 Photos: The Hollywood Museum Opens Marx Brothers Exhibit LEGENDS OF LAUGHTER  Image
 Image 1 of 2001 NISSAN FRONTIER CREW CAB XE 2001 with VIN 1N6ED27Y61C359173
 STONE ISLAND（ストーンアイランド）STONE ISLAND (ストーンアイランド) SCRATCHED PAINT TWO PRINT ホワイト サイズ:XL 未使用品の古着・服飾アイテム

======

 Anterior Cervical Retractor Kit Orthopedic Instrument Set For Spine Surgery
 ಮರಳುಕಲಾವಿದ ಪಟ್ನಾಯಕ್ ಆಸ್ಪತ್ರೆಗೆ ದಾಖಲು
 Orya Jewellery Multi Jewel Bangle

======

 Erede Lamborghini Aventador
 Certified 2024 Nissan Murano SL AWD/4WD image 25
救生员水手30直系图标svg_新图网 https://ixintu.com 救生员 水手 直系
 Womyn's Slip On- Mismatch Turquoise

======

## [What you have to do]
From the listing above, the lines starting with the one that has "Anterior Cervical Retractor" and running through the one that has "Orya Jewellery Multi Jewel Bangle" should be copied exactly, ends included.

## [Answer section]
 Anterior Cervical Retractor Kit Orthopedic Instrument Set For Spine Surgery
 ಮರಳುಕಲಾವಿದ ಪಟ್ನಾಯಕ್ ಆಸ್ಪತ್ರೆಗೆ ದಾಖಲು
 Orya Jewellery Multi Jewel Bangle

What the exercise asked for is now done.